Monday, January 26, 2009

The Hunt for the Blue Baron

Divers are on the trail for what some believe might well turn out to be the "richest wreck" in history - a 2.6 billion treasure just waiting some 800 feet below sea, 40 miles off Guyana. The ship, which carried ten tons of gold and seventy tons of platinum among other things, was allegedly sunk by U-Boat U-87 on way to Great Britain in June 1942. Look forward to a complicated legal battle. Read more here.

Wednesday, January 21, 2009

On King's Road

King's Road was, at its height, a vibrant urban catwalk that showcased everything from the fashionable to the freaky, the bohemian to the punk. The Rolling Stones had their first rehearsal at No. 500, where Bill Wyman auditioned as the band's bass player; at No. 430, Johnny Lydon would join the Sex Pistols. Eric Clapton lived briefly at No. 152, often jamming at the Six Bells (No. 197). Many other artists lived here for a time from Bob Marley to Joe Strummer. It was here that Peter Sellers faked an injury to avoid playing Major T. J. "King" Kong in Dr. Strangelove, and the Rocky Horror Show, after opening in the Royal Court Theatre Upstairs, moved to the Classic Cinema at No. 148.

King's Road boutiques, meanwhile, dressed the stars and their creations from Sgt Pepper to Major Tom. Another icon, no surprise, would be closely associated with the scene: James Bond, who, as Ian Fleming imagined it, lived in a trendy unnamed square just off King's Road. By the 1980s, however, this legendary thoroughfare had lost its edge, degenerating into what many critics summed up as just another bland high street and tame tourist trap. The Chelsea Drug Store at 49 King's Road had become a McDonald's.

This blog is named in honor of a street that for a time symbolized innovation, nonconformity, and youthful exuberance - with the hope that none of these forces disappear anytime soon from the world of creativity.

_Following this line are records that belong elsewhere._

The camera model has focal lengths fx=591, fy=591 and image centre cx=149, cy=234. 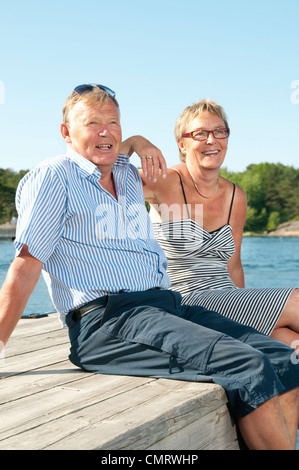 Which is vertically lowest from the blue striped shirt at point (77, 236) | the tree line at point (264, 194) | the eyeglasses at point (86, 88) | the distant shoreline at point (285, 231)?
the distant shoreline at point (285, 231)

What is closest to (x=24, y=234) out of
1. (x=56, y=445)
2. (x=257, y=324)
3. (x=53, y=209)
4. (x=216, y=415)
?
(x=53, y=209)

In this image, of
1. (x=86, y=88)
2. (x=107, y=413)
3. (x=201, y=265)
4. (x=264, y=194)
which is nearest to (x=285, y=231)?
(x=264, y=194)

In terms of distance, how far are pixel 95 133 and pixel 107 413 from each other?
3.82 feet

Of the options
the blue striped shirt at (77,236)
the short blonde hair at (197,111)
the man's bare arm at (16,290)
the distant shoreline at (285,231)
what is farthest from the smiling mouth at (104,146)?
the distant shoreline at (285,231)

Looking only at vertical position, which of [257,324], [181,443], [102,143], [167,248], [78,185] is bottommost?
[181,443]

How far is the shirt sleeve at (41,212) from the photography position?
7.18ft

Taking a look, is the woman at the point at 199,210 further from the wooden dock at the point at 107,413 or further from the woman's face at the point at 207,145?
the wooden dock at the point at 107,413

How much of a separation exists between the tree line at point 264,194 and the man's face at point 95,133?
6590cm

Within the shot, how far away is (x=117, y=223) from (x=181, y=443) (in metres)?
0.90

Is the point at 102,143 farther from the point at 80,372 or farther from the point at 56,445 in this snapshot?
the point at 56,445

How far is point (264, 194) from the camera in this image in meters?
74.5

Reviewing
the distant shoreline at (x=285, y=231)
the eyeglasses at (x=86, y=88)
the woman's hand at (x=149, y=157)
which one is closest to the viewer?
the eyeglasses at (x=86, y=88)

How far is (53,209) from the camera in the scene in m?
2.23

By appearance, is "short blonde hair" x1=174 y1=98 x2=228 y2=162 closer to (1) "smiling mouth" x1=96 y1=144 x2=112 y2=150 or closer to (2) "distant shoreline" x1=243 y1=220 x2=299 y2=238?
(1) "smiling mouth" x1=96 y1=144 x2=112 y2=150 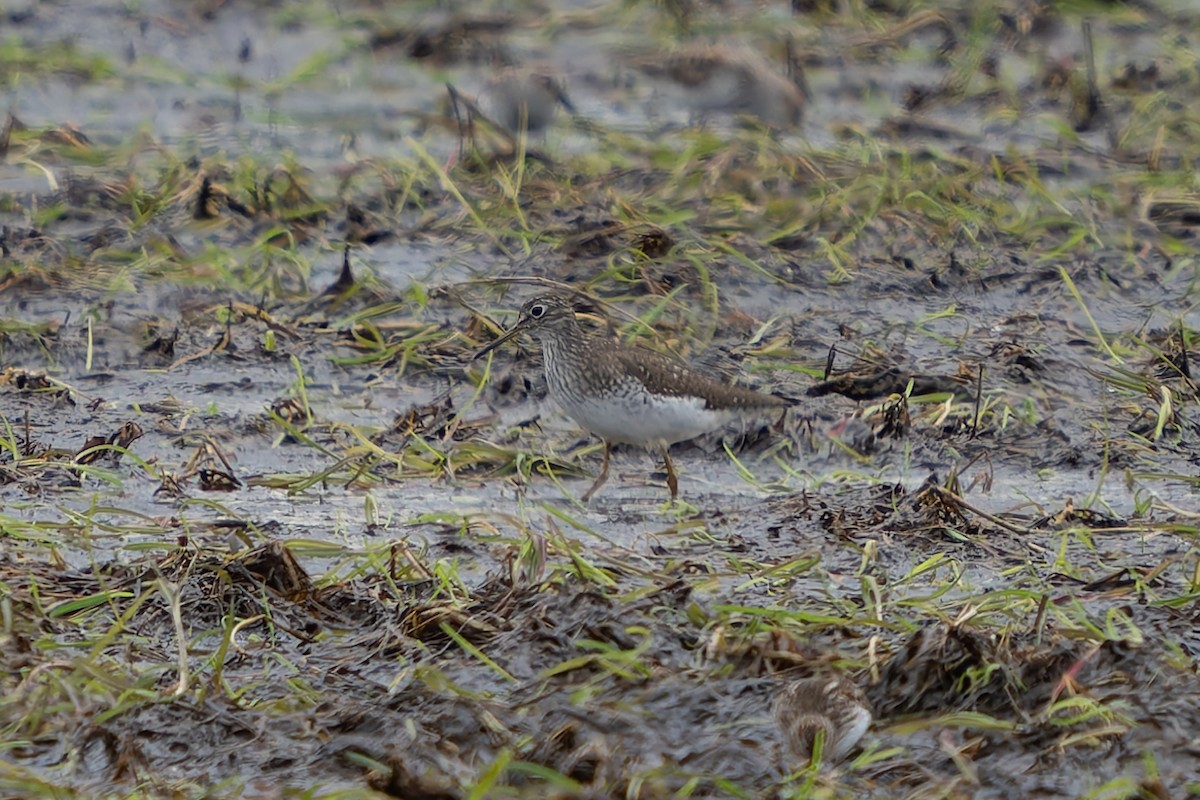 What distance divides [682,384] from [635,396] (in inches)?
8.8

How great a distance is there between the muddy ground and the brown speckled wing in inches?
10.9

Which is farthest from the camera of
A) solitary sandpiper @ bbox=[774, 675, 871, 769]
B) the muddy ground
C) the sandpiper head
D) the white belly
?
the sandpiper head

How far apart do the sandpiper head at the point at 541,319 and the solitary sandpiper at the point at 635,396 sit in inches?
4.2

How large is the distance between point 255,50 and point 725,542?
757cm

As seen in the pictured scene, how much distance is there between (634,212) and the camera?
10.2 meters

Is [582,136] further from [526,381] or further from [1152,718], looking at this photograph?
[1152,718]

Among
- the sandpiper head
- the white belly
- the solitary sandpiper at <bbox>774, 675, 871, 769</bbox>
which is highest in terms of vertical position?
the solitary sandpiper at <bbox>774, 675, 871, 769</bbox>


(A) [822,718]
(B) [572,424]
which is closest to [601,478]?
(B) [572,424]

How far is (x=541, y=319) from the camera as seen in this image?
8383 millimetres

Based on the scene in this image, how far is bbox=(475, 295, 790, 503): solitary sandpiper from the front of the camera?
7.81 meters

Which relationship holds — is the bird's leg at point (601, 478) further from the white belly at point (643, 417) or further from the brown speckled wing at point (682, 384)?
the brown speckled wing at point (682, 384)

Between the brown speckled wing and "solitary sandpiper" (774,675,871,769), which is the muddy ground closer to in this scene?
"solitary sandpiper" (774,675,871,769)

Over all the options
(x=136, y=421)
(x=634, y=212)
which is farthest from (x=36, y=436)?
(x=634, y=212)

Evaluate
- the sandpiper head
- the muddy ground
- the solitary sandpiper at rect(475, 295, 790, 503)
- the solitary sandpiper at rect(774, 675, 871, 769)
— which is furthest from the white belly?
the solitary sandpiper at rect(774, 675, 871, 769) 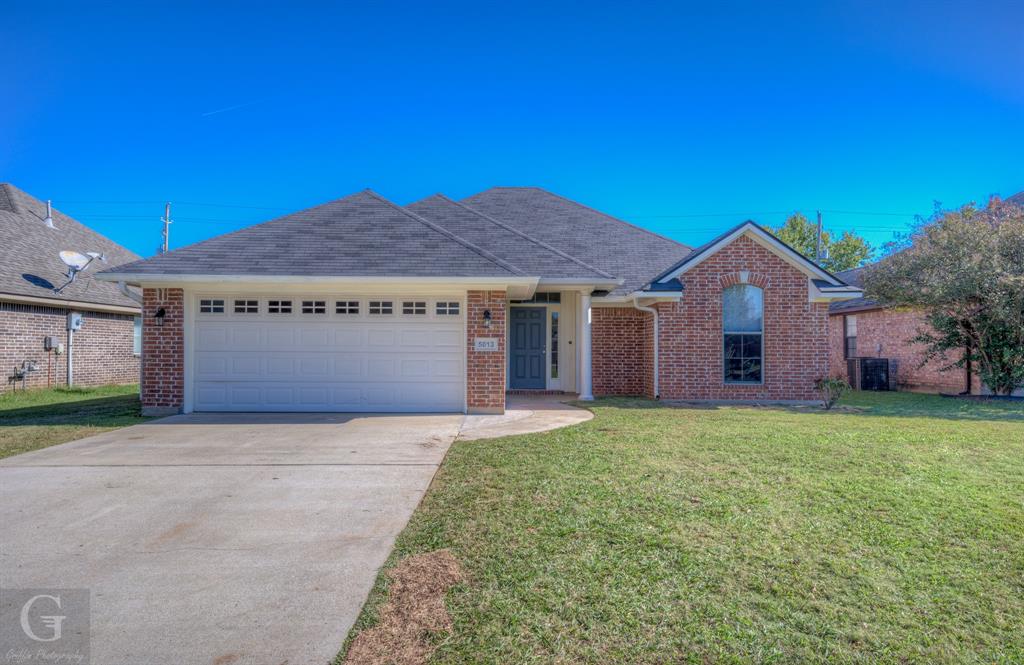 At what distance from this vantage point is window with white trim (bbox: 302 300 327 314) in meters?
9.97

As for books on this mythic patch of pavement, I recommend Max Décharné's King's Road: The Rise and Fall of the Hippest Street in the World. Décharné also sings for the garage punk band The Flaming Stars.

Tuesday, January 20, 2009

Vera and the Ambassador

Vera and her husband Donald Blinken, Ambassador to Hungary under Bill Clinton (1994-1998), will publish a dual memoir that will offer "a behind-the-scenes look at diplomacy and international relations in post-Communist Eastern Europe." It will also tell the story of Vera Blinken's return to Budapest fifty years after her escape in 1944.

In addition meeting everyone from Madonna to The Pope, the Blinkens played an important role in Budapest politics and society of the mid-1990s. Donald, for instance, negotiated Hungary's entry into NATO, and helped establish the NATO base at Taszár, the first in a former Warsaw Pact country and a strategic location for the Balkan wars and the airlift, while Vera created mobile breast cancer screening units that saved many lives. Hopefully there will be more on the Hungarian Refugee interviews following the 1956 revolution, which were digitalized here with their support and on their work lobbying the Hungarian government on behalf of Holocaust survivors.

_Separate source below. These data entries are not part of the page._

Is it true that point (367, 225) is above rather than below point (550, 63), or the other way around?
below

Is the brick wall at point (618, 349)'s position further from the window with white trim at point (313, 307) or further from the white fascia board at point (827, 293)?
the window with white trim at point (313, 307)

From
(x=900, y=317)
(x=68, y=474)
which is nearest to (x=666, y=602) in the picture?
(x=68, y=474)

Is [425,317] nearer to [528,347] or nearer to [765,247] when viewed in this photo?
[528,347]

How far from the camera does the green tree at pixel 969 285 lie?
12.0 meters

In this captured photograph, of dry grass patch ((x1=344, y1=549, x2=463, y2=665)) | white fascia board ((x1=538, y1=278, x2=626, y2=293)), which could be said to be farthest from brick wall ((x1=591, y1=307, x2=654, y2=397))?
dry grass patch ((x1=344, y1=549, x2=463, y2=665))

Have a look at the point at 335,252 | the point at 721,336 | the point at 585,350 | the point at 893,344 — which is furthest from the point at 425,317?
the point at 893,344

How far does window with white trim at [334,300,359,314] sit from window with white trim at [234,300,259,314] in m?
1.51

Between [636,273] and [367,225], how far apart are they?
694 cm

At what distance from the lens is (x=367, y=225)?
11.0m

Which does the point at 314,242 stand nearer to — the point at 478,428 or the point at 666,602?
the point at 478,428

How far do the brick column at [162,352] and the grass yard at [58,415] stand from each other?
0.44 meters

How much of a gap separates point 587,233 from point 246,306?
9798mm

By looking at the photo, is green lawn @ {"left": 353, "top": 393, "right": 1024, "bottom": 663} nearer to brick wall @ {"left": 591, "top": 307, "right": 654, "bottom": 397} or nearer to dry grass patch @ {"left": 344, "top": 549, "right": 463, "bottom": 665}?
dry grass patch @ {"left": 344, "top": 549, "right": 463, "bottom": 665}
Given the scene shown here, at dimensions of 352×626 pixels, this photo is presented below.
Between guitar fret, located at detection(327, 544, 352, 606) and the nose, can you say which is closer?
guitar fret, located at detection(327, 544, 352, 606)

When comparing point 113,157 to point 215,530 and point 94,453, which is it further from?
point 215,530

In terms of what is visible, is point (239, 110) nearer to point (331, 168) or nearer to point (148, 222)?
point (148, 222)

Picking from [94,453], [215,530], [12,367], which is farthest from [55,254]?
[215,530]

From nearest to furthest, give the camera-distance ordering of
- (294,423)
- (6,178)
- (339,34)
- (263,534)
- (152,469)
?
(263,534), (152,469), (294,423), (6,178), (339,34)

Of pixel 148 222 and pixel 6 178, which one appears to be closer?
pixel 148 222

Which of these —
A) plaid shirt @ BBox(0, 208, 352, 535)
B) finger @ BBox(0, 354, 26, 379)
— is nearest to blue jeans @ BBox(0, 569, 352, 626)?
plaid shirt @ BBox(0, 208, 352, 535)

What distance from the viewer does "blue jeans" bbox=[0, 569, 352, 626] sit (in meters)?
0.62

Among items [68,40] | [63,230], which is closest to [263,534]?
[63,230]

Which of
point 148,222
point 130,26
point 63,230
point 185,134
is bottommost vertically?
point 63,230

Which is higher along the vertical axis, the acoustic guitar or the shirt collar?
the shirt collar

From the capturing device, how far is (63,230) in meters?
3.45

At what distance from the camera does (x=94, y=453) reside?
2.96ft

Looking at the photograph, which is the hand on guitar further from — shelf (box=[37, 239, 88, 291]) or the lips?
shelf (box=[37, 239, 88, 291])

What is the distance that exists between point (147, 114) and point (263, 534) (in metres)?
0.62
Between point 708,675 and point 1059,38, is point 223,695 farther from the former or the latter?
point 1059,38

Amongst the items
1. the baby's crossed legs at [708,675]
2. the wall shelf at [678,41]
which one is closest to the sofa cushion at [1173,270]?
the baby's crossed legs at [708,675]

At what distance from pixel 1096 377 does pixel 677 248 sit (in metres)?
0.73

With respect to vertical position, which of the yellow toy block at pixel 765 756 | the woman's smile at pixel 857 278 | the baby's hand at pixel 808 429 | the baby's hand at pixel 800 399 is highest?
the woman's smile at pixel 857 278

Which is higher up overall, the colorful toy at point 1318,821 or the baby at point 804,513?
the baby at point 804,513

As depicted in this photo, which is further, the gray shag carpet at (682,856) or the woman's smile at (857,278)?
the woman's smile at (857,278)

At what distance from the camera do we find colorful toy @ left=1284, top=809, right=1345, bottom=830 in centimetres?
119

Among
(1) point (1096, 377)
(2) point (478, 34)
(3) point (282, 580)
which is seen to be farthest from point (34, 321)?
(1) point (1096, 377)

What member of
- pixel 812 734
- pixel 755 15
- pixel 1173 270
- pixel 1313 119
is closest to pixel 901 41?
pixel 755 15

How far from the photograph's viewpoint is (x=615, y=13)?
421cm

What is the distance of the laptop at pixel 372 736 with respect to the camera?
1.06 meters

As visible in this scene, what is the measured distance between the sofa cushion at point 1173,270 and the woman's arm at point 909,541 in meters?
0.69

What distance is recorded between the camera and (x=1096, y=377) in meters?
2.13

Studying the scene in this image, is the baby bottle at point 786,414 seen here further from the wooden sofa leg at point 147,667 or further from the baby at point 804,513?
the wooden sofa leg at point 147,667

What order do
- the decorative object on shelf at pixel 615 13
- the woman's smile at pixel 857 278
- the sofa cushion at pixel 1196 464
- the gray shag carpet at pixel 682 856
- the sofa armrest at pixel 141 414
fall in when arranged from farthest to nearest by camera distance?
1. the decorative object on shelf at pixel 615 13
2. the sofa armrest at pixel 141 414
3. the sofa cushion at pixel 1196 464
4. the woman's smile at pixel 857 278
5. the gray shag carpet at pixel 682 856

By the way, their son Antony, a prominent foreign policy writer under Clinton, has just been named national security advisor to Vice President Joseph Biden.

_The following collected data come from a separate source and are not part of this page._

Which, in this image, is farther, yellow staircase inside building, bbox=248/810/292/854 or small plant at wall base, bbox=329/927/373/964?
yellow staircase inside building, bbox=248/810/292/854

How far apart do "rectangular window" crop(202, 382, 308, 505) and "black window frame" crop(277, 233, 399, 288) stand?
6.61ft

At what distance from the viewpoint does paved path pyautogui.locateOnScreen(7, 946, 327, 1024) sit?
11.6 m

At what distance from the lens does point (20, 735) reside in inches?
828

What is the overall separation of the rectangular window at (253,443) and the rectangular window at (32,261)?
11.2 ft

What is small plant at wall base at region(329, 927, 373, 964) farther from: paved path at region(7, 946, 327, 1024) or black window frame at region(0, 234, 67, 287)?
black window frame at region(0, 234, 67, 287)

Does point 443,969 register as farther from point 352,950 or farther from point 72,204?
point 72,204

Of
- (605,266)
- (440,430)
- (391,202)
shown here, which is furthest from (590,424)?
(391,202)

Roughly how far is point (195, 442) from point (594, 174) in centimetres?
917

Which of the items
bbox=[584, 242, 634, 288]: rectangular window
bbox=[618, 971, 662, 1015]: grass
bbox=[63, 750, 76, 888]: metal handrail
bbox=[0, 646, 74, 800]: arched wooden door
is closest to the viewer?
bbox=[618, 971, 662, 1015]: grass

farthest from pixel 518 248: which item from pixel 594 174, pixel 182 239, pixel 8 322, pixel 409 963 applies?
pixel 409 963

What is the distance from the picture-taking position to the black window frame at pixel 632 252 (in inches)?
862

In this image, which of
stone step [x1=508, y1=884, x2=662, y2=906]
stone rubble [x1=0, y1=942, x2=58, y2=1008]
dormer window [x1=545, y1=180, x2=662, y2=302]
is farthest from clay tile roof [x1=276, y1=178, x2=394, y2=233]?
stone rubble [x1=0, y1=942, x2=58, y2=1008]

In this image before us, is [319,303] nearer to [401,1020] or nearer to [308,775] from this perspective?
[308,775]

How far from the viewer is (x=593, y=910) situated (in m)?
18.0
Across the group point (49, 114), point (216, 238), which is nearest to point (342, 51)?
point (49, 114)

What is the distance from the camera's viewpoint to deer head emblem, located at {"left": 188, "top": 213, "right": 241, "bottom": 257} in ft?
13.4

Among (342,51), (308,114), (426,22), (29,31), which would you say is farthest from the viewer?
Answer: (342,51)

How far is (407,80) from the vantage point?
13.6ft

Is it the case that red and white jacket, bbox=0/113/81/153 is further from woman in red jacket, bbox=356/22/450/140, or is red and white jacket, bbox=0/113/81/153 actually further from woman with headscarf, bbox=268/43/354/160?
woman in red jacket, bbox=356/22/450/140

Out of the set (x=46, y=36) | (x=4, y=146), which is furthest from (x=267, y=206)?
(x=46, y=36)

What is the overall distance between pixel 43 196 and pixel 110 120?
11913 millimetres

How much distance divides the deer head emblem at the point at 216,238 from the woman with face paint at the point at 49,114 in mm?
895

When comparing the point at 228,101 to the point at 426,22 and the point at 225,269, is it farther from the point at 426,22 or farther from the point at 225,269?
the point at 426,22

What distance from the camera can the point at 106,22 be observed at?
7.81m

Biden will blurb the book “President Clinton made a wise choice in sending Donald and Vera Blinken to Hungary. This book serves as a reminder of the critical role that ambassadors can play in advancing the interests of our country at the pivot points of history. Their teamwork was good for Hungary, good for our country, and it also makes for a great story.”

Vera and the Ambassador: Escape and Return will be published by SUNY Press in early February 2009.

Saturday, January 3, 2009

George W. Bush Read My Book

In 2008, according to Karl Rove in the Wall Street Journal, George W. Bush read "a heavy dose of history -- including David Halberstam's "The Coldest Winter," Rick Atkinson's "Day of Battle," Hugh Thomas's "Spanish Civil War," Stephen W. Sears's "Gettysburg" and David King's "Vienna 1814."